Will Rice College sophomore Ivan Van said students should be able to sign up for courses on their own, without extra restrictions from the registrar's office.

"I don't think enforcing the prerequisites through ESTHER was necessary," Van said. "I feel that prerequisites exist to make sure we have a certain level of knowledge before taking a higher level class, but I think it should be the students' own responsibility to police themselves."

A major difficulty with registration included courses that were cross-listed under different departments, Tenney said. Though these courses were identical in nature, they were not picked up by ESTHER, which barred students from registering for classes which needed those prerequisites.

"We had a few instances of some errors on our part and caught that on Monday," Tenney said. "Some course equivalents were not probably accounted for. The course prerequisite was Business 305, which is the same as Accounting 305 and regrettably the system was not catching that."

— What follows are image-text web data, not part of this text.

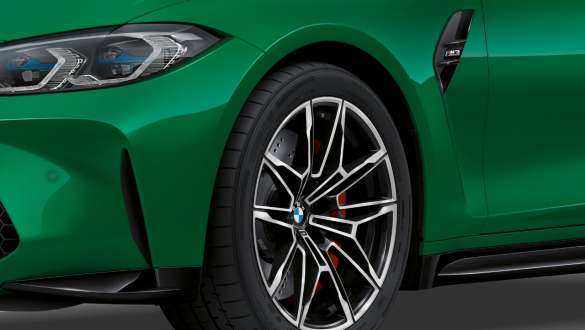 Přední blatníky BMW M3 Sedan G80 2020 BMW M3 Sedan G80 2020 metalický lak Isle of Man Green (zelená) přední blatníky detailní pohled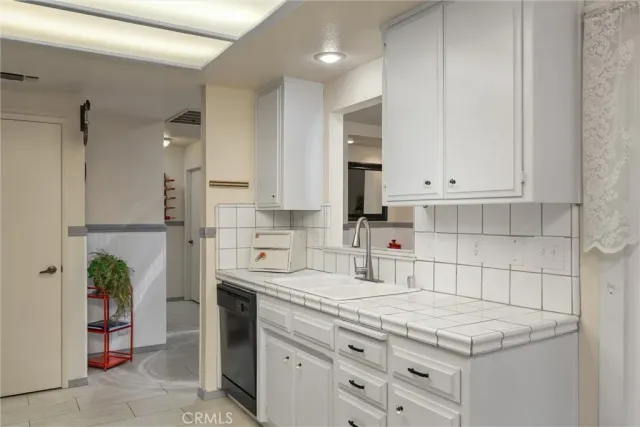 $354,500 | 520 Wilshire Court, Unit 52, Chico, CA 95973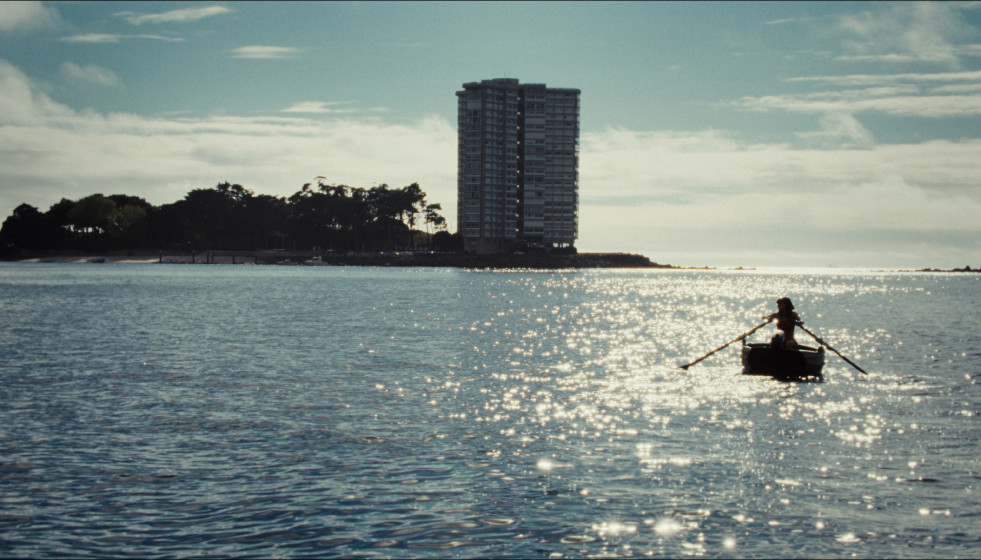 Fotograma de 'Romería', de Carla Simón, en el que se aprecia en el fondo la isla de Toralla, en Vigo.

Baker College junior James Liu was faced with this situation when he tried to register for Biological Sciences 302, a second-semester biochemistry class, despite taking the prerequisites for it.

"The prerequisite is organic chemistry," Liu said. "I took the honors version of it. My guess is that all the people in honors Orgo didn't get into the class, but those in general organic chemistry did."

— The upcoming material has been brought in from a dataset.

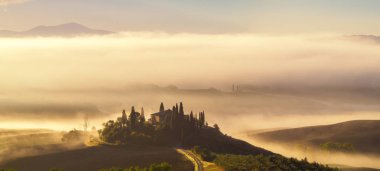 Pienza, İtalya-Eylül 2015: ünlü Tuscan manzara güneş doğarken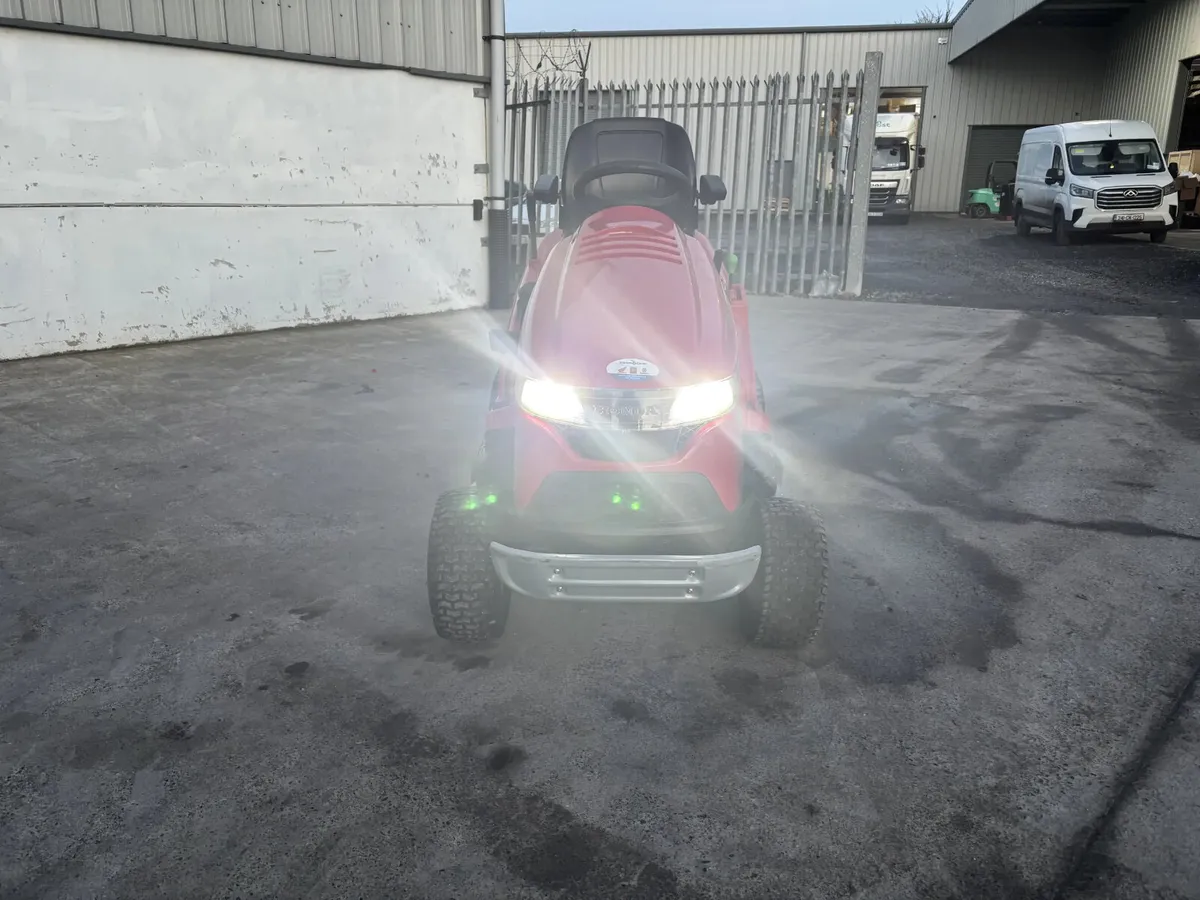 Used 2021 Honda HF2417 Lawnmower - Image 2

Several students alerted the academic departments and the Registrar's Office about the conflicts.

"I talked to [Peer Academic Advisors] who observed some of the initial challenges on Monday," Tenney said. "Thanks to them we were able to immediately address this. I regret that it's inconvenient this semester. The good news is that by going through this process we're not going to have this challenge in the future."

Students can still sign up for classes without taking the prerequisites by asking the instructor to sign a Special Registration Form that can be found on the Web site of the Registrar's Office.

"The role of the office of the registrar is to enable registration for students," Tenney said. "No way are we intending to block a student's academic career or make their academic choices complicated. As with any situation, the instructor always has the authority to override the prerequisite via the special registration form."

This override especially applies to students taking language classes who may have skipped the introductory-level courses.

"For people that have a mastery of the language and never took the 100- or 200-level course the instructor will let them take the course if they know the student has the language ability," Tenney said.